Big Data Domain Flashcards
I: ANALYTICS
Improved Service Level Performance
Better Order Fulfillment
Improved Supplier Management
Maximize Customer Value
Driving Down Costs
Improved Advertising
Better Product Management
I: DATA WAREHOUSE
is a system that aggregates data from different sources into a single, central, consistent data store to support data analysis, data mining, artificial intelligence (AI), and machine learning.
I: DATE LAKE
Data Lake is the place where you dump all forms of data generated in various parts of your business
- Structured data feeds
- Chat logs
- Emails
- Images (of invoices, receipts, checks etc.)
- Videos.
I: DATA POOL
Data Pool is a centralized repository of data where trading partners (e.g., retailers, distributors or suppliers) can obtain, maintain and exchange information about products in a standard format. Suppliers can, for instance, upload data to a data pool that cooperating retailers can then receive through their data pool.
I: BIG DATA
Big Data is often used in enterprise settings to describe large amounts of data.

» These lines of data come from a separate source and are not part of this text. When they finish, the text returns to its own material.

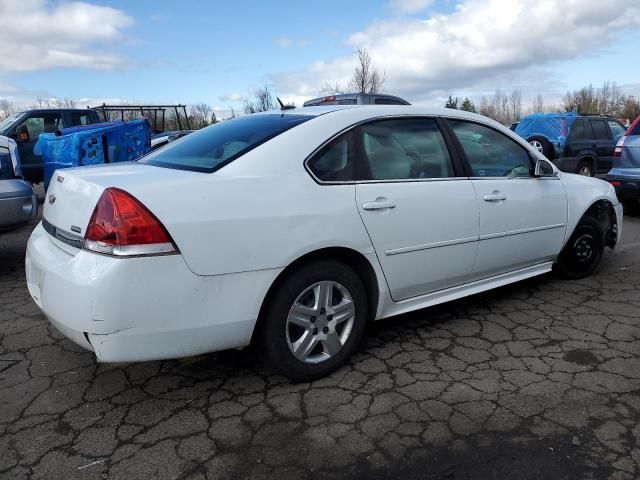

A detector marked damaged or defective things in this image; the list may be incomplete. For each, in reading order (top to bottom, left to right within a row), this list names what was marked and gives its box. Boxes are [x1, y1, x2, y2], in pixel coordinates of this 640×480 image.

cracked asphalt [1, 212, 640, 478]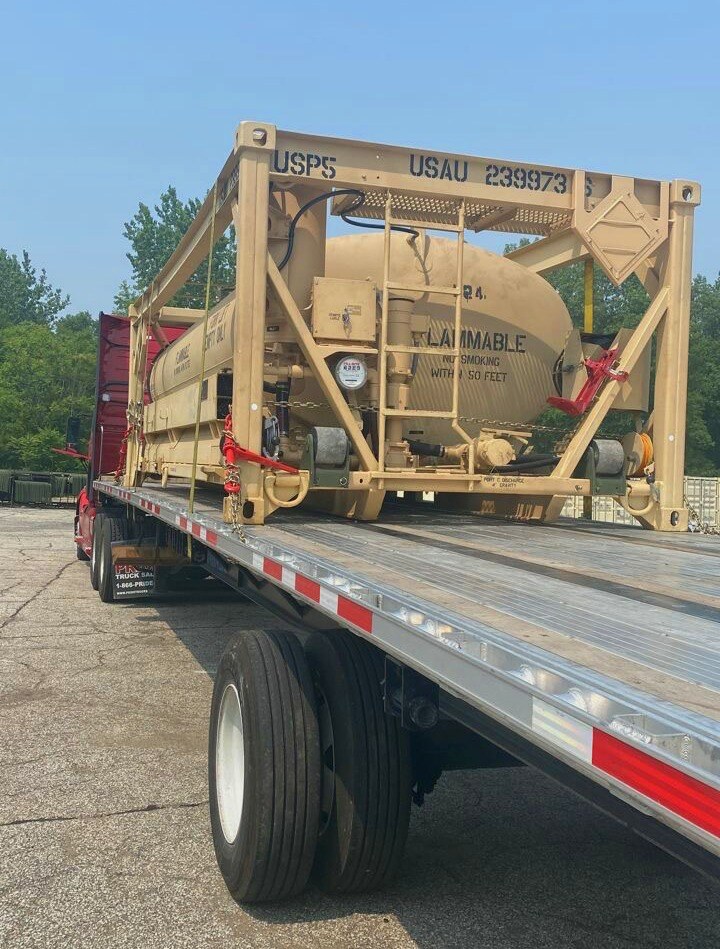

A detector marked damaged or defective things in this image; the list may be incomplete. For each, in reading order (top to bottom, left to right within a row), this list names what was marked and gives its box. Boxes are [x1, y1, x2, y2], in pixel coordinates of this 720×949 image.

cracked asphalt [1, 508, 720, 944]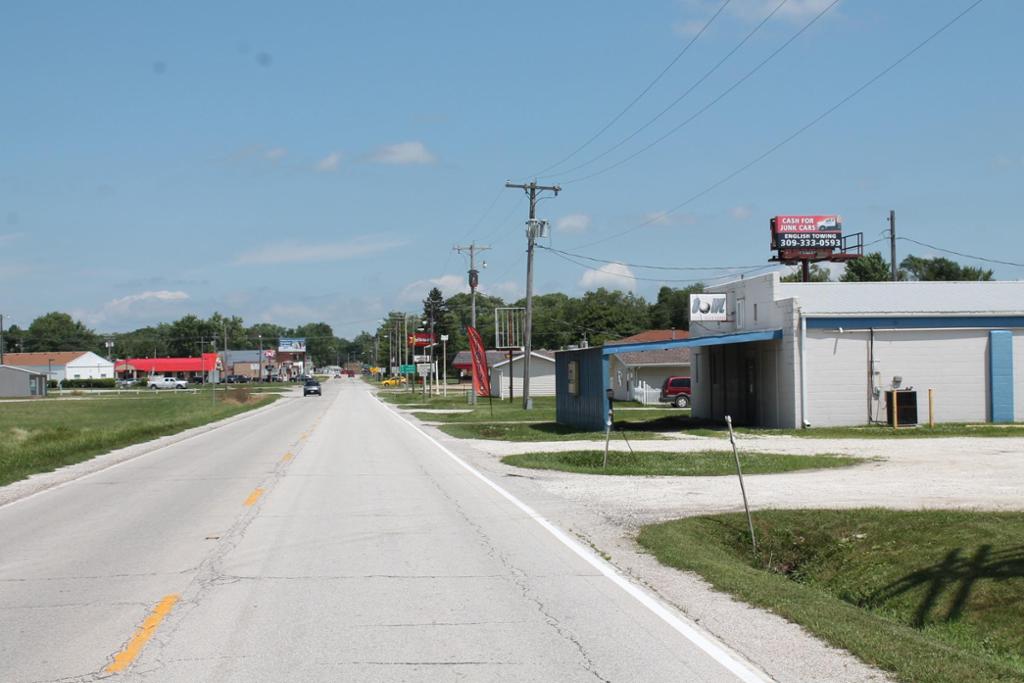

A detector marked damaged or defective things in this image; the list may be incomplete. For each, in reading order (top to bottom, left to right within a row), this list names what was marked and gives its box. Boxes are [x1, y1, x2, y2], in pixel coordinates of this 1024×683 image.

cracked asphalt surface [0, 382, 761, 679]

It does not refer to a specific amount of data, but rather describes a dataset that cannot be stored or processed using traditional database software.
I: BIG DATA LIFE CYCLE
Stated simply, there are three primary stages of the Big Data Life Cycle, along with an overarching glue (data governance) that helps to manage these:
Data Acquisition
Data Awareness
Data Analytics
Data Governance
I: HADOOP
Apache Hadoop is an open-source framework that is used to efficiently store and process large datasets ranging in size from gigabytes to petabytes of data. Instead of using one large computer to store and process the data, Hadoop allows clustering multiple computers to analyze massive datasets in parallel more quickly.
I: MAPREDUCE
Map Reduce is a software framework and programming model used for processing huge amounts of data. MapReduce program work in two phases, namely, Map and Reduce.

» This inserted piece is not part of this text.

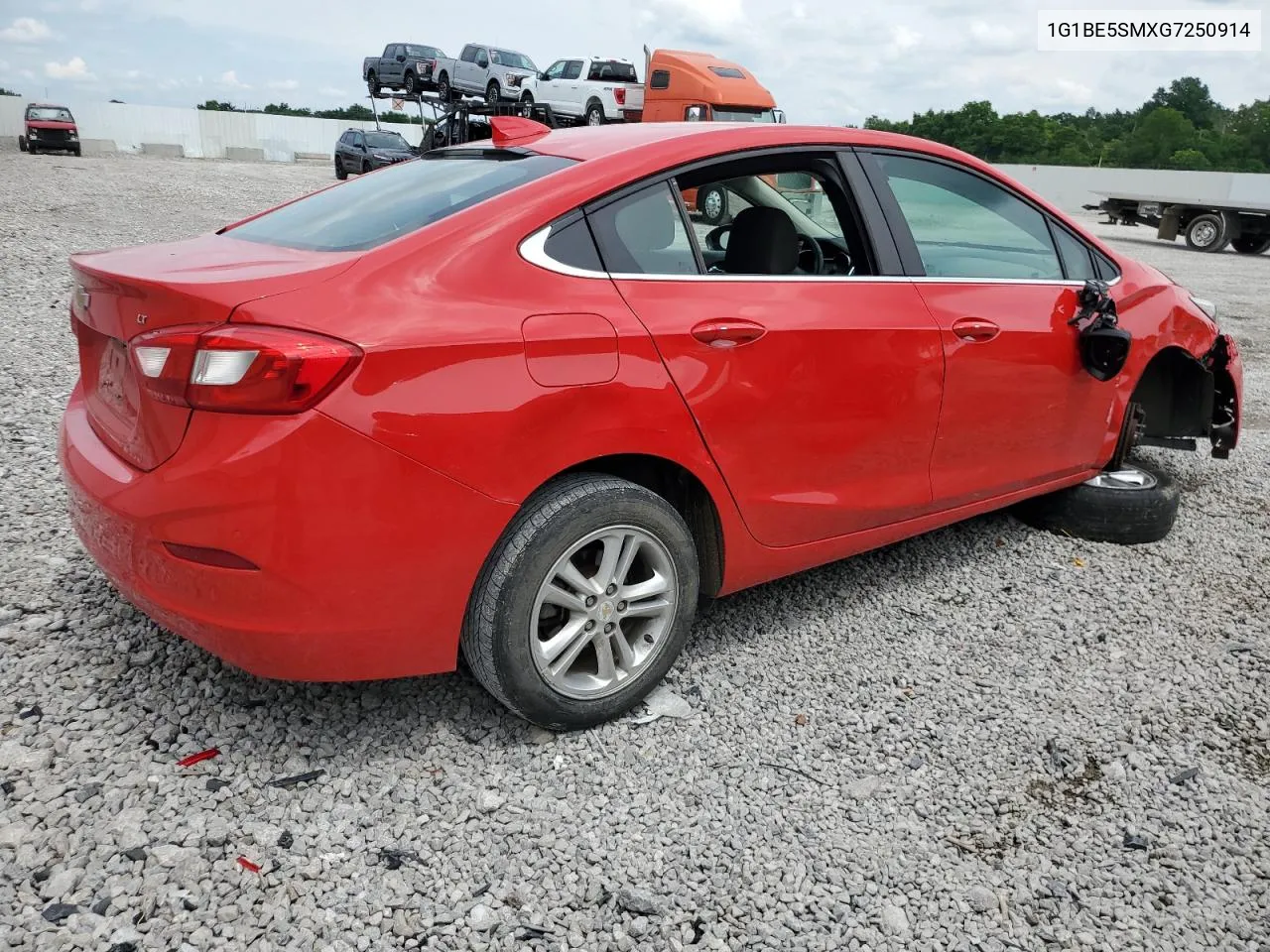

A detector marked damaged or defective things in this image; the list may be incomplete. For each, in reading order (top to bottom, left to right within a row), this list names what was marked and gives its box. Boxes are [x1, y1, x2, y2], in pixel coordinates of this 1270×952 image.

exposed wheel well [559, 454, 726, 596]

Map – tasks deal with splitting and mapping of data while
Reduce – tasks shuffle and reduce the data.
I: Apache Spark
Spark is an open source framework focused on interactive query, machine learning, and real-time workloads. It does not have its own storage system, but runs analytics on other storage systems like HDFS, or other popular stores like Amazon Redshift, Amazon S3, Couchbase, Cassandra, and others.
I: ETL
ETL is short for extract, transform, load, three database functions that are combined into one tool to pull data out of one database and place it into another database.
- Data migration
- Data merge
- Data warehousing
I: DATA SYNCHRONIZATION ISSUES
Data synchronization has become an important part of organizations’ information systems. However, the complexity of the process is very often underestimated, while it may be quite risky due to the factors among which are:
Different data formats due to variety of applications, tools, and databases an organization may use.
The quality of data synchronized. There is a risk to distribute inconsistent or out-of-date data enterprise-wide, which may result in additional (and quite palpable) data cleansing expenses.
Not to forget constant maintenance, meaning that as soon as new data enters an application, the next step is to synchronize it between the other organizations’ applications and systems.
I: HDFS
A distributed file system that runs on standard or low-end hardware. HDFS provides better data throughput than traditional file systems, in addition to high fault tolerance and native support of large datasets.